-- Description of the task --
Return each line of the listing below, unchanged, and omit the images.

-- Provided material --
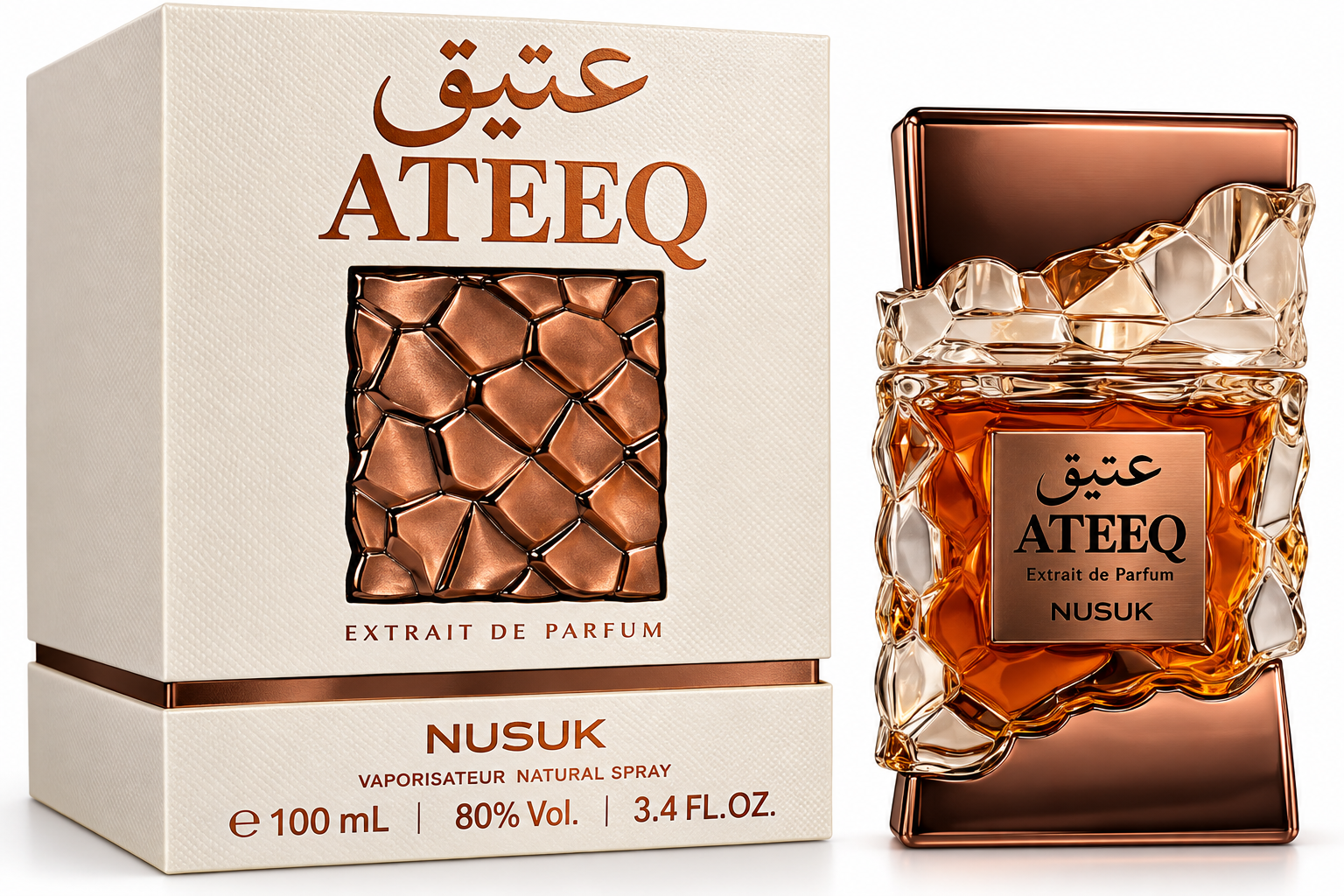 Nusuk Men's Ateeq Extrait de Parfum Spray 3.4 oz 6295151500002 100mL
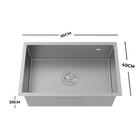 Cuba Gourmet Cozinha 50x40 Completa Aço Inox 304 Escovado Pra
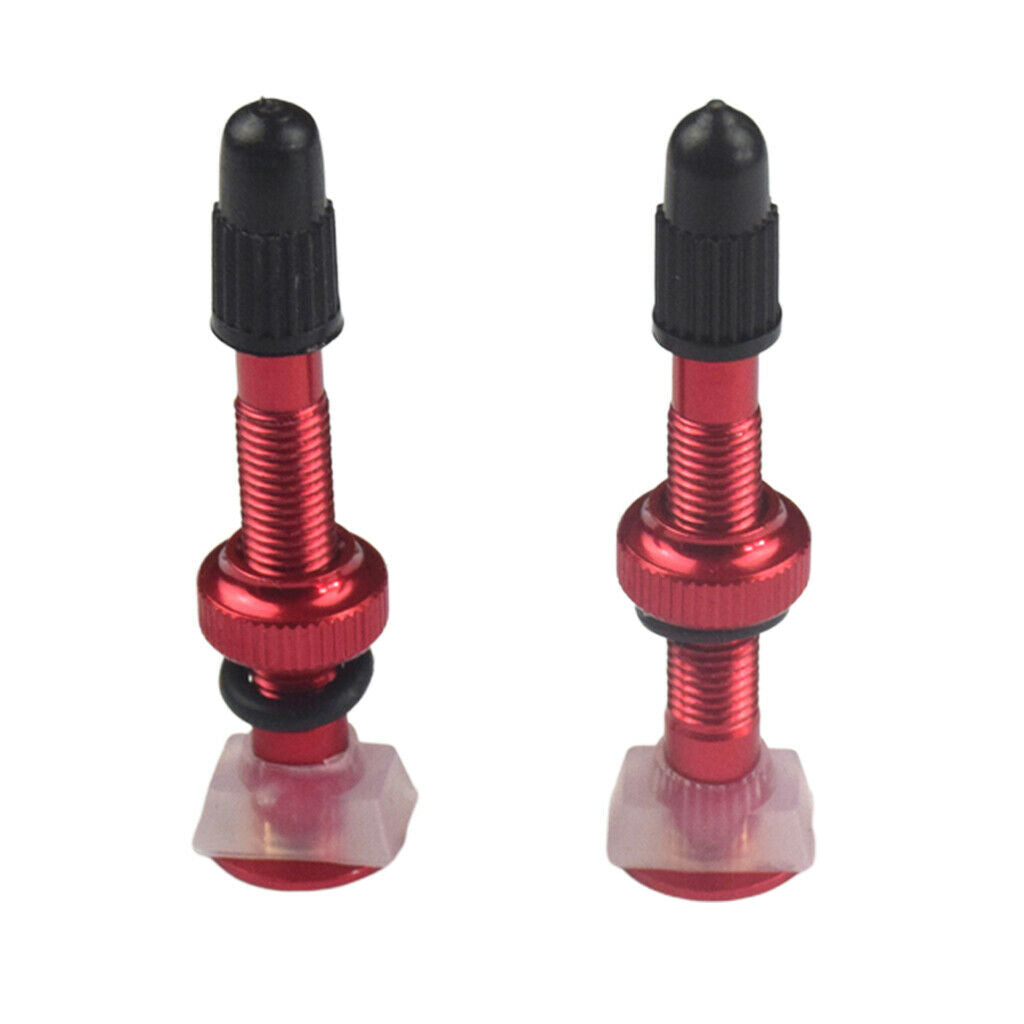 Aluminum 6Colors Bike Bicycle Presta Valves Core Universal Vacuum-Nozzle Red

-- Result of this exercise --
 Nusuk Men's Ateeq Extrait de Parfum Spray 3.4 oz 6295151500002 100mL
 Cuba Gourmet Cozinha 50x40 Completa Aço Inox 304 Escovado Pra
 Aluminum 6Colors Bike Bicycle Presta Valves Core Universal Vacuum-Nozzle Red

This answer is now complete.